5. Look for More than Stars

The Northern lights over Lake Superior
The Northern Lights over Lake Superior | Photo Courtesy of Pure Michigan

The sky is home to more than just the moon and stars. Check the orbit of the International Space Station to see if it will be visible, or learn the names of the satellites that will be gliding across the dark sky overhead. These man-made structures are visible at night when the sun reflects off their surfaces. You can also find out which planets will be visible depending on the time of year, or if a meteor shower will light up your night. It’s best to research your viewing location beforehand so that you can know what to expect, and it may give you something to hunt for as you focus your gaze among the stars.

6. Don’t Get Lost – Bring a Map

There are billions of stars in the Milky Way – and looking at a sky full of seemingly-endless stars is awe-inspiring. This is why you need a star map. A map can give you a sense of what you are looking at and help you navigate the celestial skyscape of constellations and planets. Print a map to bring with you or download an app to your phone. Either way, having access to a map while stargazing is a great way to learn about the universe above and keeps you from getting lost in the sea of stars.

7. See Far Away, Up Close

A night of spectacular dark-sky viewing doesn’t require a fancy telescope. Actually, without the proper practice and experience, viewing the sky with a telescope can be challenging. Rather than spending money on expensive equipment, bring a pair of binoculars! Binoculars can help you focus and get a better view of the stars – plus they are portable which allows you to travel easily with them in hand. Kids can also create their own telescope using common household items, like paper towel rolls, which makes for a fun craft before your trip.

8. Allow the Stars to Shine – Use a Red Light

The red lamps at Headlands Dark Sky Park
Red lights at Headlands International Dark Sky Park | Photo Courtesy of Ryan Resatka

To allow the twinkling lights of the stars to really shine, you want to avoid creating any other light that will obstruct your view. Limit the use of all your devices and flashlights, and be sure to find a spot away from other artificial light sources like street lamps if you’re not in a dark sky park. When you do need a light, use a red light. Red lights allow your eyes to stay adjusted to the darkness, while still helping you see things – such as where to walk on the trail or reading your star map. You can purchase a special red-light device, or simply tape a few layers of red cellophane over your flashlight!

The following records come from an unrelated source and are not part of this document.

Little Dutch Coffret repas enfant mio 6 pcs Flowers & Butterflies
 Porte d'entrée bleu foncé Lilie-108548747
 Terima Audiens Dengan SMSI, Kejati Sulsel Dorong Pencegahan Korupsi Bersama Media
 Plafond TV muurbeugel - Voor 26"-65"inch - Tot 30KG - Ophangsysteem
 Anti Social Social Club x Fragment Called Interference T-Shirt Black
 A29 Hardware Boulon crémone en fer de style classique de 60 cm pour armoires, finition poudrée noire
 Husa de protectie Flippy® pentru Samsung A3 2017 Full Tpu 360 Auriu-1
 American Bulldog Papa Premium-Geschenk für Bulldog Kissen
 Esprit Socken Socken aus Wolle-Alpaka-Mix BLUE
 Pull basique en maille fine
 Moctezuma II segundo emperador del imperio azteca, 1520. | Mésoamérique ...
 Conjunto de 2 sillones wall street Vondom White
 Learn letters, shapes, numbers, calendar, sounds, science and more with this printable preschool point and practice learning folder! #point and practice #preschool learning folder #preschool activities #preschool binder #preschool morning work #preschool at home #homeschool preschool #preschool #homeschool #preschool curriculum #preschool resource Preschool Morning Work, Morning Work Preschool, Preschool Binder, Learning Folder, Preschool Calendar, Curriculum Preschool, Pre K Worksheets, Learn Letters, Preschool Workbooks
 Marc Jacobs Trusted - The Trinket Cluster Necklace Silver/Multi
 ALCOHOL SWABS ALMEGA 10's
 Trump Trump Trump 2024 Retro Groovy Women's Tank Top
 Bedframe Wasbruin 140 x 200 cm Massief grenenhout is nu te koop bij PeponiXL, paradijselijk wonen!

9. Join a Celestial Celebration

Michigan’s stargazing and astronomy community – amateurs and professionals alike – seizes every opportunity to gather and admire the stars. At Sleeping Bear Dunes National Lakeshore you can join a star party atop the lakeshore’s towering dunes, bringing you closer to the sky. On the shores of Michigan near the Mackinac Bridge, Headlands International Dark Sky Park hosts many of its own events, complete with astronomer presentations, telescope demonstrations and space-themed celebrations. In August, celebrate the Perseid Meteor Shower at Michigan State Parks with Meteors ‘n Smores. Surround yourself with people whose passion for stargazing is out of this world and make your night of stargazing even more memorable.

10. Just Look Up

campers looking up at night sky
Campers Under Night Sky | Photo Courtesy of Joe Gall

The first step to viewing the night sky like never before is turning your eyes to the sky. Get yourself to where they can really be seen and look up – in Michigan, beautiful dark skies are everywhere. Step away from the hustle and bustle of your daily routine and escape to the sky’s natural brilliance. Just set up your blanket, grab a thermos full of hot chocolate and surround yourself with good company while you wait for Michigan’s dark skies to light up in a sea of stars.